А тут еще откуда-то появились партизаны. Говорят, что диверсантов недавно выбросили с самолетов на парашютах. Попробуй обнаружь их! То они пускают под откос идущие на фронт эшелоны с оружием и боеприпасами, то поджигают склады с продовольствием. К нему дошли слухи, что партизаны собираются даже напасть на его комендатуру. Якобы готовятся его повесить в лесу…
Все чаще проходят в Германию железнодорожные эшелоны с искалеченными немцами. И то, что эти безногие и безрукие калеки рассказывают, ничуть не соответствует тому, что пишется в газетах, что болтает Геббельс по радио. Теперь уже Шпильке ясно, что с блицкригом вышел пшик. Весь этот блицкриг не что иное, как фикция, фантазия бесноватого фюрера… Война может затянуться на долгие годы, а тут уже зима на носу с ее лютыми морозами и метелями.
Шпильке никогда не задумывался над такими вещами, а теперь почему-то голова трещит от дум. Он зол был и на себя, ибо хорошо знал, что если солдат начинает думать, он уже не солдат. Ведь за него положено думать фюреру…
Дием еще терпимо, но когда надвигается ночь, его начинают мучить кошмары. То кажется, что он не угодил начальству и оно отправило его на фронт, то будто он тяжело ранен, лежит на земле, обливаясь кровью, а мимо проходят те, которых он избивал, и плюют ему в лицо… Даже стакана воды подать некому…
И такое с ним часто случается: то он будто мчится на машине, а из балок, яров, оврагов карабкаются и выбираются с вилами и лопатами мужики, которых он приказал в свое время расстрелять. Они хватают его и бросают в огонь. Привязывают к стволу дерева, и он горит… И нет никакого спасения. Рядом с ним горят все его вещи, которые он должен был отправить семье. Он пытается кричать, звать на помощь, но не в состоянии.

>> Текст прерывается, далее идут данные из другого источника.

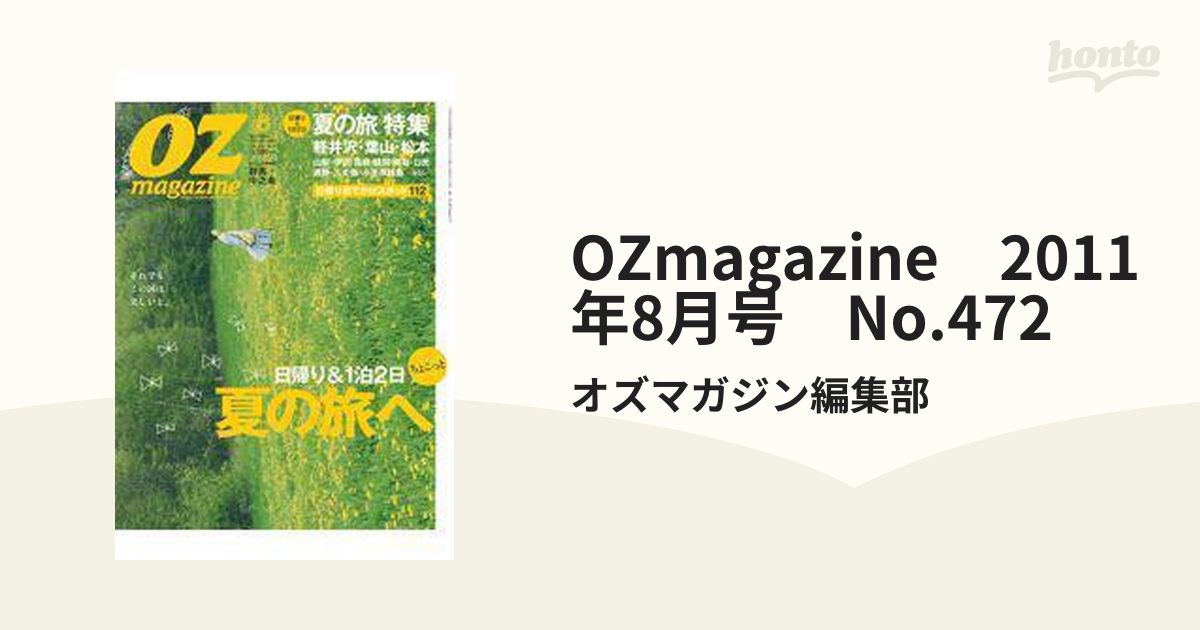 madame FIGARO japon (フィガロ ジャポン) 2011年 07月号 雑誌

Чаще всего во сне приходят к нему женщины и дети из гетто. Скольких он расстрелял над яром, у известковых карьеров… Нет им числа… Но вот они будто все ожили. Голодные, истощенные — и у них хватает сил душить его. И душат. Часто мерещится ему колючая проволока, а за этой проволокой сотни, тысячи глаз. Похожие на тени женщины и дети с поднятыми руками. Он слышит их стоны, их проклятья. Видит в этой толпе и своих детей, и Эльзу… И часто снится ему, как горит его лавчонка и все вокруг дома и бросают бомбы русские самолеты… Эльза и его дети мечутся в пламени, не могут выбраться из кромешного ада войны.
Нервы — ни к черту. Каждый шорох, каждый стук бесят его. Шум деревьев за окном тоже наводит ужас, и Шпильке хватается за парабеллум…
День и ночь он глотает таблетки и порошки от головной боли, но ничего не помогает. Кошмары издергали его до предела.
Когда он входит в комнату, заполненную узлами, чемоданами, ожидающими отправления домой в Германию, ему кажется, что они двигаются, словно живые. Вот подымается с пола шуба и шагает прямо на него; женские костюмы простирают к нему руки, страшные руки, которые норовят схватить его за горло… Сапоги, туфли и детские ботиночки, которые стоят у стены, начинают двигаться прямо на него, и он не в состоянии избавиться от этих кошмарных видений.
Да что же это такое?
Шпильке, обессиленный, валится на кровать. Глаза слипаются, сердце замирает, ему мерещится гроб, который вносят в комнату… Хочется спать, но не в состоянии сомкнуть глаз.
Сколько же это может продолжаться? Лечиться, лечиться — и как можно скорее!
Была глубокая ночь. Шпильке поднял полдюжины солдат, самых отъявленных головорезов, и повел их в подвал, к арестантам. На пороге остановился, приказал вывести первых попавшихся десять человек. У забора расстрелял их, надеясь, что после этого станет ему легче и он сможет уснуть. Затем отправился в гетто. В бессонные ночи он часто появлялся там, невзначай стрелял несколько раз, будил узников…
Он приказал поднять всех.
Истощенные, измученные узники стали подходить к воротам. Шпильке окинул острым взглядом собравшихся и объявил:
— Кто хочет выйти из этого земного ада на волю, пусть танцует!
Обреченные стали танцевать, а солдаты хлопали в ладоши и смеялись. Узники падали на камни, обессиленные. Комендант немного развлекся. Он даже засмеялся, но сказал, однако, что никто не заслужил у него права выйти на свободу. Плохо танцевали! Ни на что не похож этот танец! И приказал принести буханку хлеба. Раскромсав ее на несколько частей, он стал швырять в толпу. Увидев хлеб, узники бросились за ним, кричали, плакали от бессилия.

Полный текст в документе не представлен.